Everything You Ever Wanted to Know About Pie

Food for Thought: Summer Reading
Food for Thought: Summer Reading

Everything You Ever Wanted to Know About Pie

Food for Thought: Summer Reading

Though the appeal of cupcakes does not appear to be waning, pie is definitely the hottest emerging trend of the past year, as the bumper crop of pie books this season bears witness. I've spent plenty of time reading and baking from the books in this list, enough to give readers a little slice of each one.

Pie It Forward: Pies, Tart, Tortes, Galettes, & Other Pastries Reinvented

by Gesine Bullock-Prado (Stewart, Tabori, & Chang, $29.95, 252 pp)

I couldn't wait for this book to arrive and it is my favorite from the entire tall stack of baking books this year. I appreciate that the author is a self-taught baker who loves to teach and is willing to share all of her hard-earned secrets with students in the King Arthur Flour baking classes in Vermont, her online baking community, and readers like myself. Pie it Forward starts with the mastery of basic techniques – crusts, pastry doughs, pastry cream, caramel, ganache – which are the building blocks or components to many recipes that follow. Then she moves on to sweets, such as pies and tarts made with berries, stone fruits, tropical fruits, cream, and meringue, plus pie pops, and fried pies. She also defines pie loosely enough to include recipes for Boston Cream Pie, Gateau St. Honore, and a cheesecake. Moving on to Savories, you'll discover recipes for Cornish pasties, meat pot pies, quiches, and vegetable tarts. I'm currently working my way through the sweet pies, using the delicate sweet tart dough (p.30) as the base for tarts with apricots and plums, the buttermilk-peach pie, and the blackberry buckle pie, thanks to the bounteous supply of early summer fruit.

Handheld Pies: Dozens of Pint-Sized Sweets & Savories

by Sarah Billingsley and Rachel Wharton (Chronicle Books, $19.95, 142 pp)

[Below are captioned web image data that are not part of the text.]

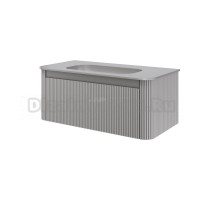 Тумба под раковину без столешницы Armadi Art Voi 100 подвесная, рифленая, luna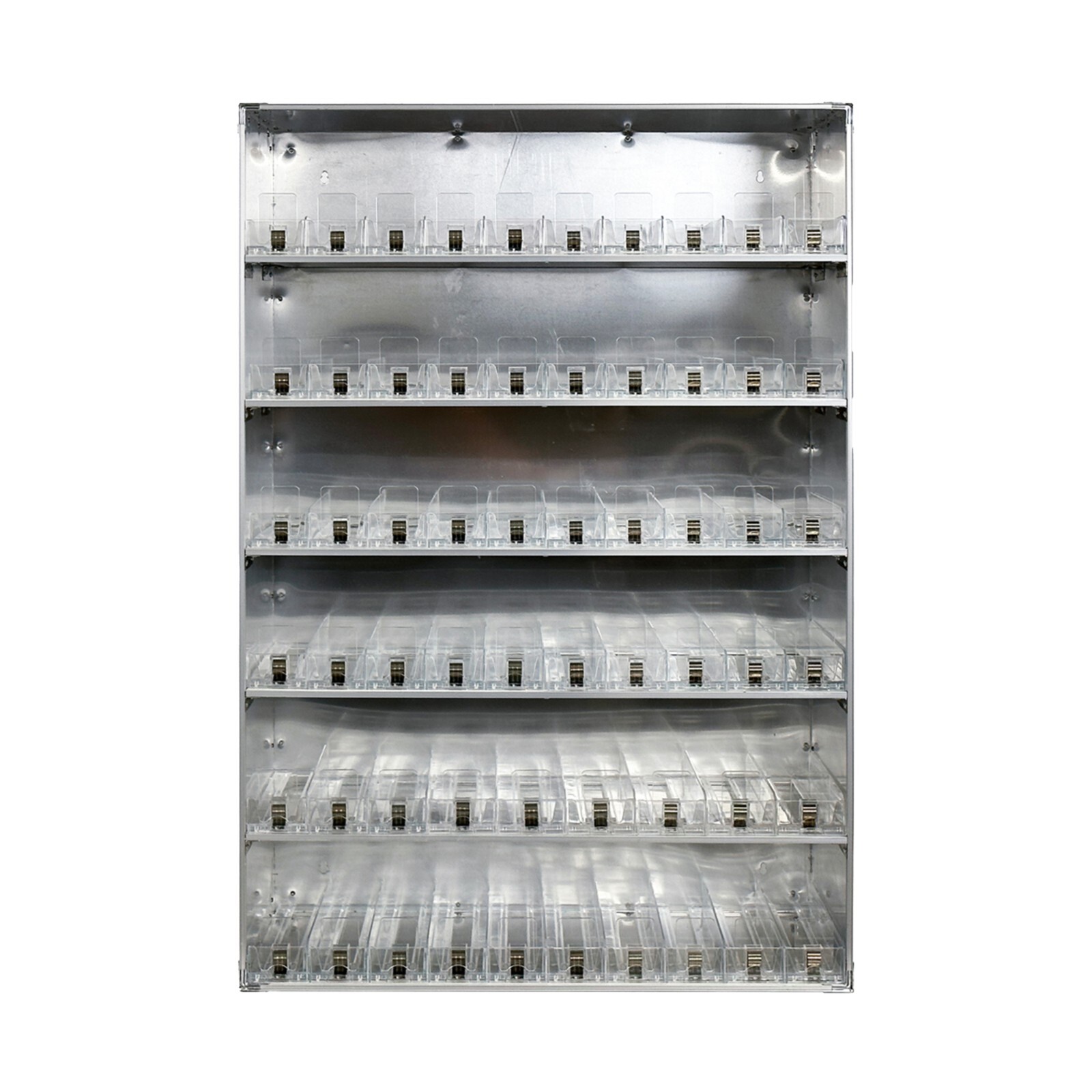 24" W 600 Pack Cigarette Tobacco Display Rack, Transparent Shelf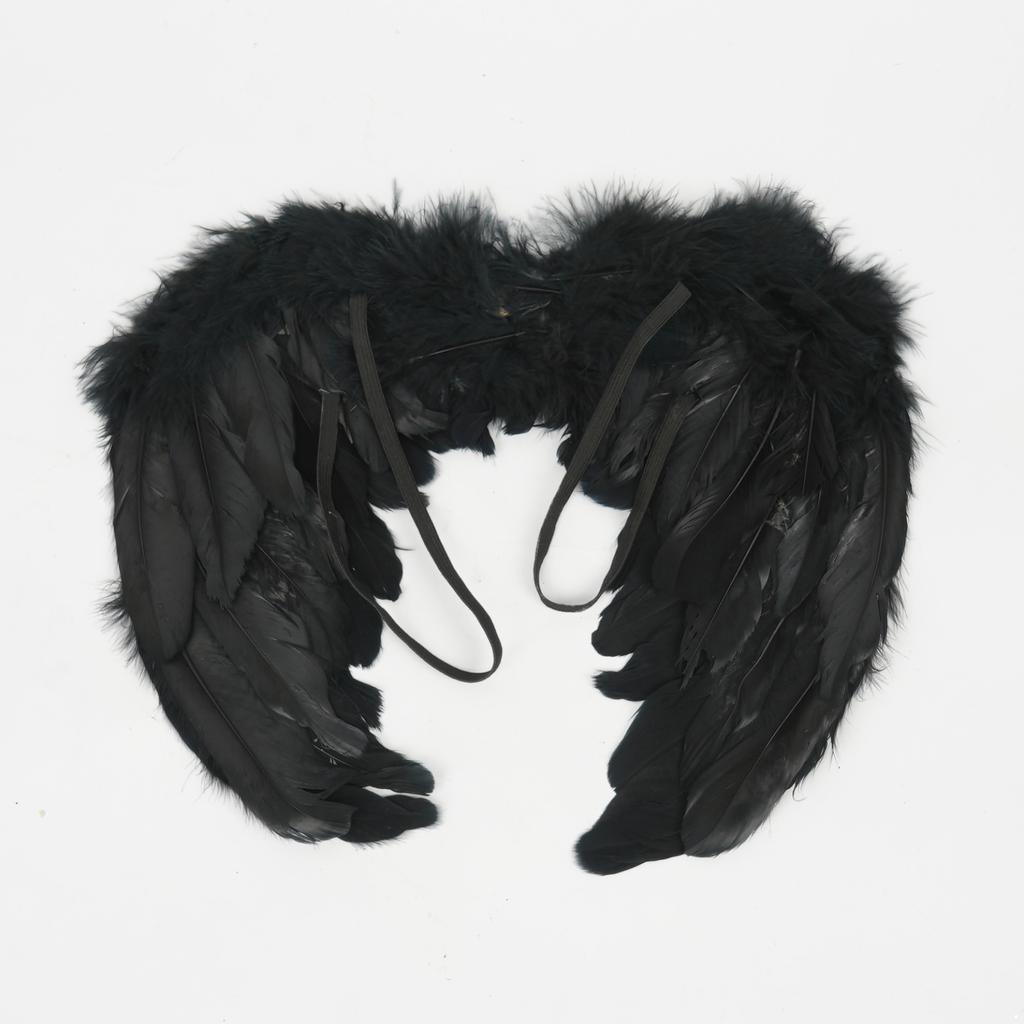 Крылья ангела с перьями для взрослых и детей, Хэллоуин, Рождественская вечеринка, косплей, наряд, реквизит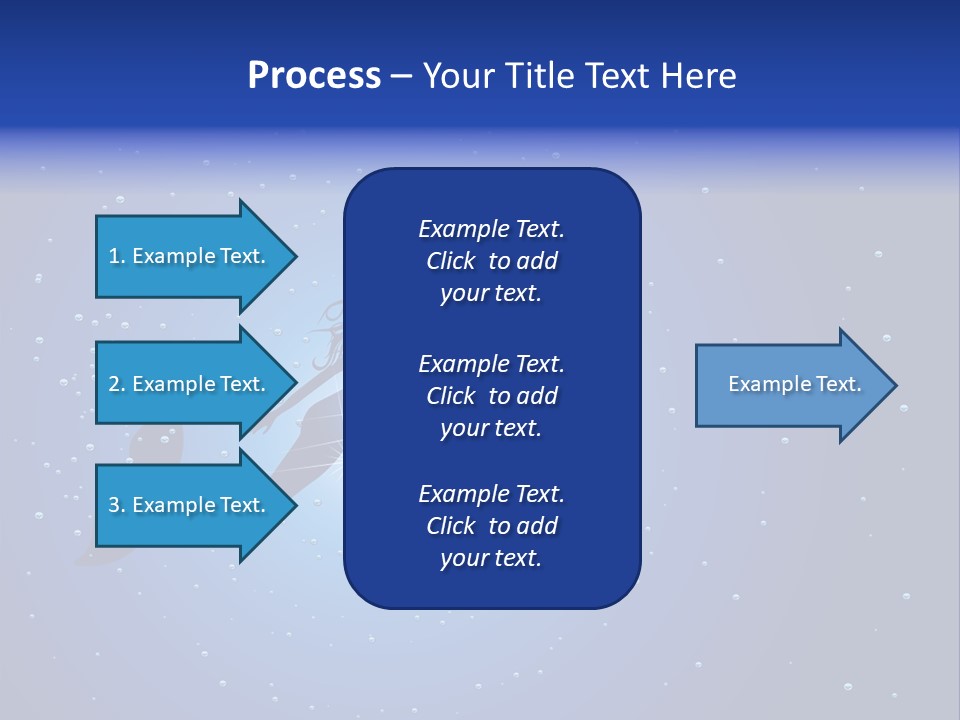 A Blue Background With A Silhouette Of A Mermaid PowerPoint Template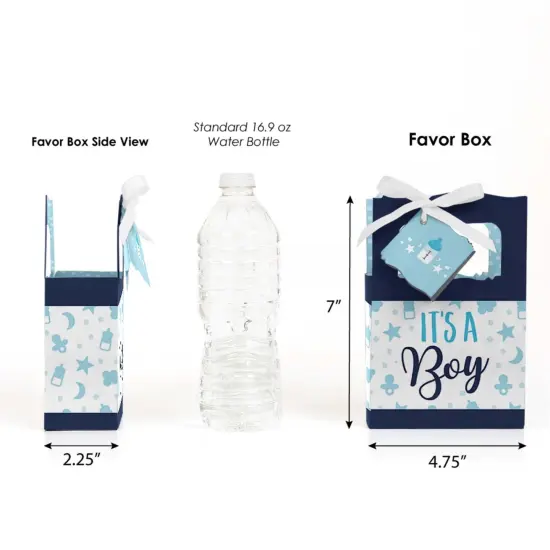 Big Dot of Happiness It's a Boy - Blue Baby Shower Favor Boxes - Set of 12 {3}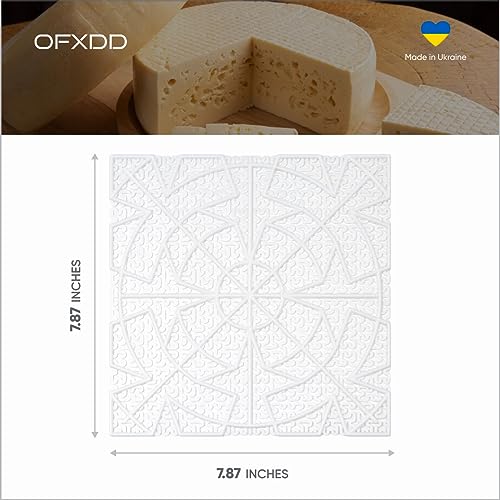 Cheese Draining & Ripening Mat - Plastic Cheese Ripening Mesh (7.87x7.87 Inches) - Cheese Plastic Drying Mats, 6 Pcs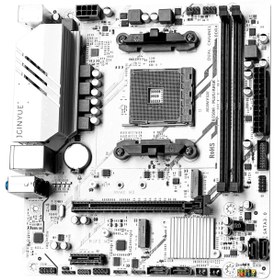 Resim Jginyue Jgınyue B350M-PLUS Amd B350 Chıpset Ddr4 4000 Mhz(Oc) Matx Am4 Gamıng Anakart 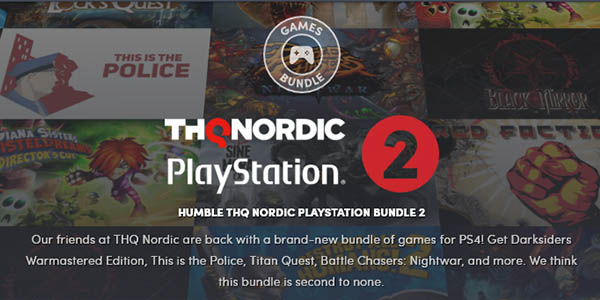 Humble Thq Nordic PS4 Bundle con 11 juegos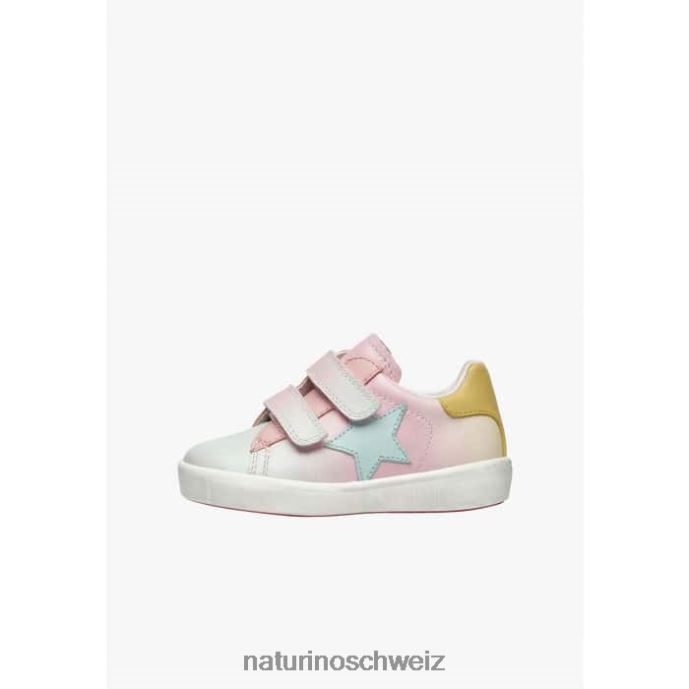 Naturino annie vl Ledersneaker mit Sternaufnäher Kinder Rosa 66HJ364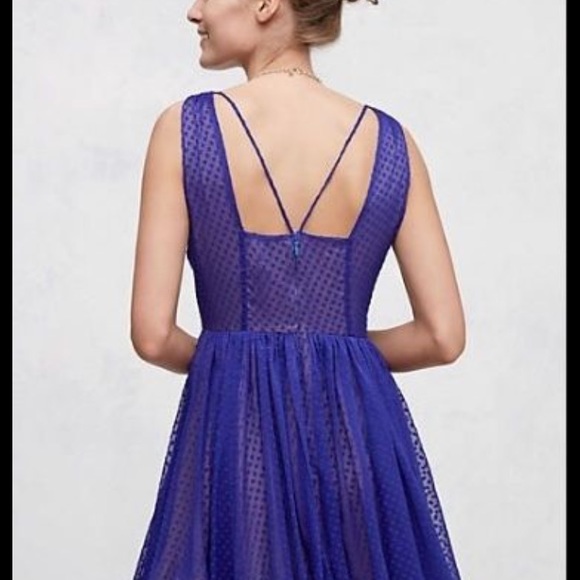 Anthropologie HD in Paris Clip Dot Dress Size 8 - Picture 3 of 7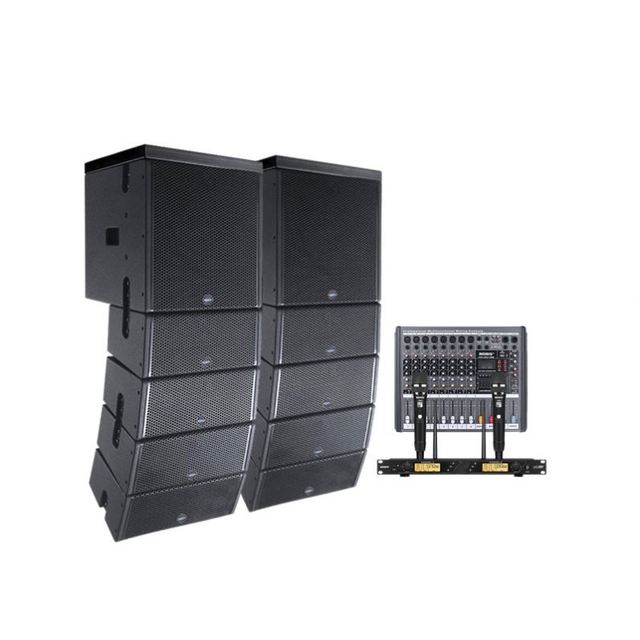 Professional Audio Sound System Active Pro Line Array Speaker Wood Passively Powered for Outdoor Indoor Stage Use
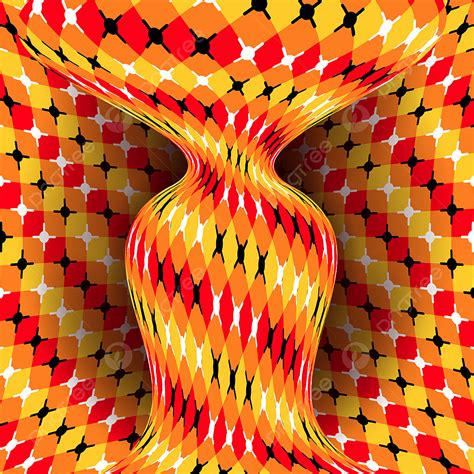 illusion vector optical  art rotation dynamic optical effect psychedelic swirl illusion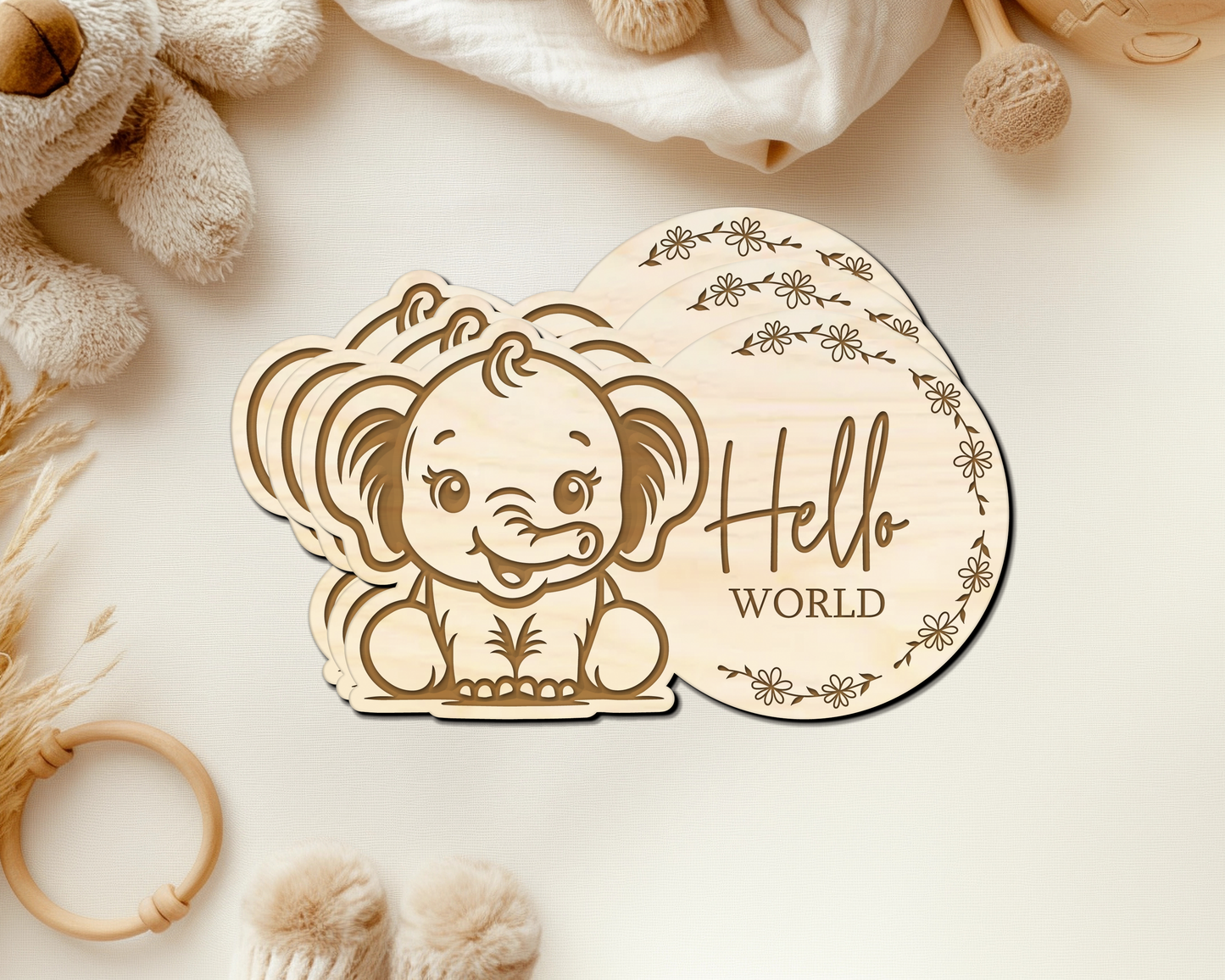 Elephant Baby Milestone Disc Set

This little volume celebrates the concept of the individual pie serving, offering up recipes for sweet pies, meat pies, hand pies, pop tarts, fruit tarts, and even pies in tiny Mason jars. In among the recipes for free-formed, structured, and jarred pies, you'll find profiles on artisan pie companies around the country, including the legendary Hubig's from New Orleans, Oh, My! Pocket Pies from Houston, and Mamaw's Fried Pies in Whitehouse, Texas. Nuts and bolts such as basic crust and filling recipes come at the end. So far, the buttermilk-whiskey pie (p.58) baked in individual muffin cups is my favorite from this collection, but I've some pop tart ideas of my own I'd like to try with peaches and blackberries while they're so plentiful.

Perfect Pies – The Best Sweet & Savory Recipes from America's Pie-Baking Champion

by Michele Stuart (Ballantine Books, $25, 224 pp)

National Championship pie maker Michele Stuart owns successful pie shops in Norwalk and Westport, Connecticut. Her award-winning recipes often appear in major newspapers and food magazines. This collection of her recipes is simple and straightforward and comes with helpful tips, like the best way to peel peaches, how to process fresh pumpkin, and the relative merits of fresh or dried cranberries. The award winners in the book are marked with blue ribbons. I'm intrigued by the pineapple crumb pie (p.55) and fully intend to make the Twisted Citrus blackberry pie (p.127) this summer. And I'm just proud enough of my own peanut butter chocolate and chocolate bourbon pecan pies to try her blue ribbon recipes and see how mine measure up.